Karnataka CM Siddaramaiah supports demand for GST exemption on rural goods

BENGALURU: Karnataka chief minister Siddaramaiah endorsed the cause of the rural sector by writing to finance minister Arun Jaitley supporting the demand of an ongoing agitation seeking removal of GST on all goods manufactured in the rural areas essentially by the cooperatives sector.

His letter comes just a day after former Prime Minister H D Deve Gowda, his mentor-turned-foe, strongly expressed support for the demand made by an agitation of the Grama Seva Sangh (GSS) spearheaded by theatre person and activist Prasanna. Gowda, who called on Prasanna on Wednesday, strongly urged the activist to give up his indefinite fast that ended on Thursday with the CM’s letter and assurance of support.
The movement against GST on handmade goods has been on for the last three months, with traders and sellers in several places refusing to pay the tax as a form of satyagraha. Conventions and interactive sessions with the rural sector have been held in several places across Karnataka.

The agitation has been gaining ground and has also had strong political tones, particularly as Karnataka is preparing to face elections in seven months time.
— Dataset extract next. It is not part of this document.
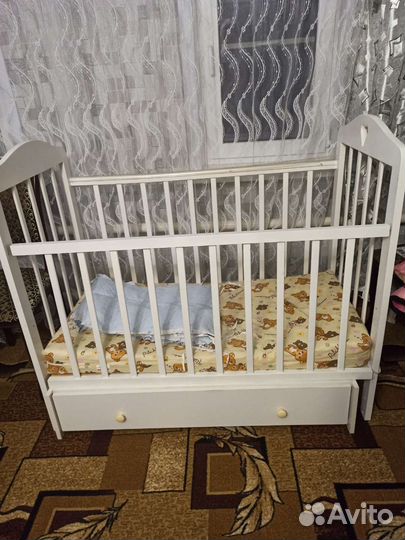 Детская кроватка с маятником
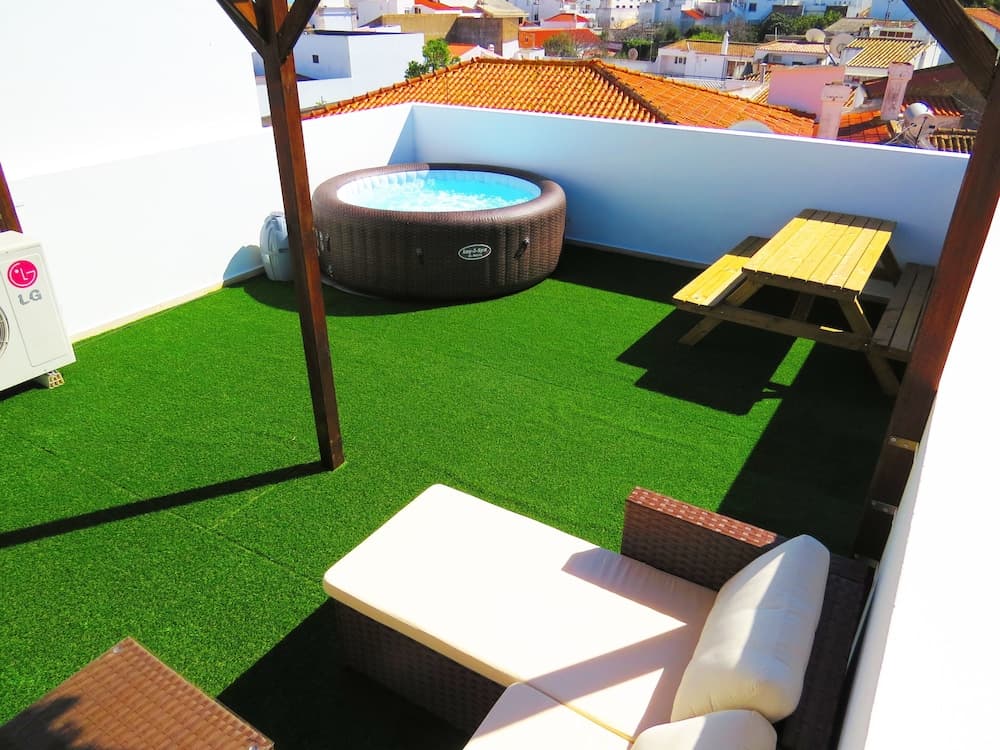 The 17 Party Hostel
A 20 km padayatra was done from Jinjappanagudde in Tumakuru district to Kasturba Ashram in Arasikere of Hassan district to raise awareness of the seriousness of the issue in the rural areas.

Prasanna, whose six-day fast has been supported by several intellectuals, progressive religious leaders and activists including Girish Karnad, Ramachandra Guha, Prakash Rai, T M Krishna, M S Sathyu and Veerabhadra Chennamalla Swami of the Nidumamidi mutt, told ET: “I have ended my fast, but the tax-denial satyagraha will continue until the GST Council meeting on November 5. We will decide our future course of action after that.”

Siddaramaiah, in his letter to Jaitley, quoted a representation to the Karnataka government given by the GSS, where a committee headed by social scientist Ashish Nandy has given a definition of what is a “handmade” product and listed a range of them from handmade butter to handmade paper. He also endorses the demand to raise the GST exemption limit for individuals and self-help groups making handmade products to cover a turnover of Rs 50 lakh.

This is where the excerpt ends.